I read this ThoughtCatalog article last week, and it really made me think about what it means to find “the one.” I haven’t read anything from ThoughtCatalog in a couple of years, partly since I lost interest in the posts and partly because Buzzfeed came around. Nevertheless, I still find really thoughtful content on TC and thought I’d share it.
The author is right: you can be “the one” for yourself. One thing that took me a while to truly get is that you should and need to become as complete and interesting a person as you can. And in order to do that, the notion that another person will complete you should be thrown out the window.

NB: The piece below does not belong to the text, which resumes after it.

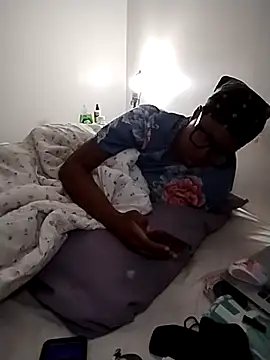 Snapshot of madamsensuale chatting on December 2025 04:17:01 AM madamsensuale online show from December 2025 04:17:01 AM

It’s really difficult to do this. We’re conditioned to feel that we need one special person to make our lives worthwhile: a soul mate, a better half – or just the other half. Women especially feel this pressure to find that person. And I bet that this doesn’t always happen. Not to be pessimistic – I know that there are countless stories of magical partnerships – but I just want to point out that we shouldn’t be letting ourselves feel this kind of pressure to find fulfillment in another person. It’s not fair to us, and especially not fair to that other person.
So, I say we spread this feeling of fulfillment to the other parts of our lives: family, friends, work, career, spirituality, religion, travel, hobbies, passions… there are so many things that can make us feel complete and happy. And we can work on these things instead of waiting to find that person. As Uncle Iroh said, “life happens wherever you are, whether you make it or not.”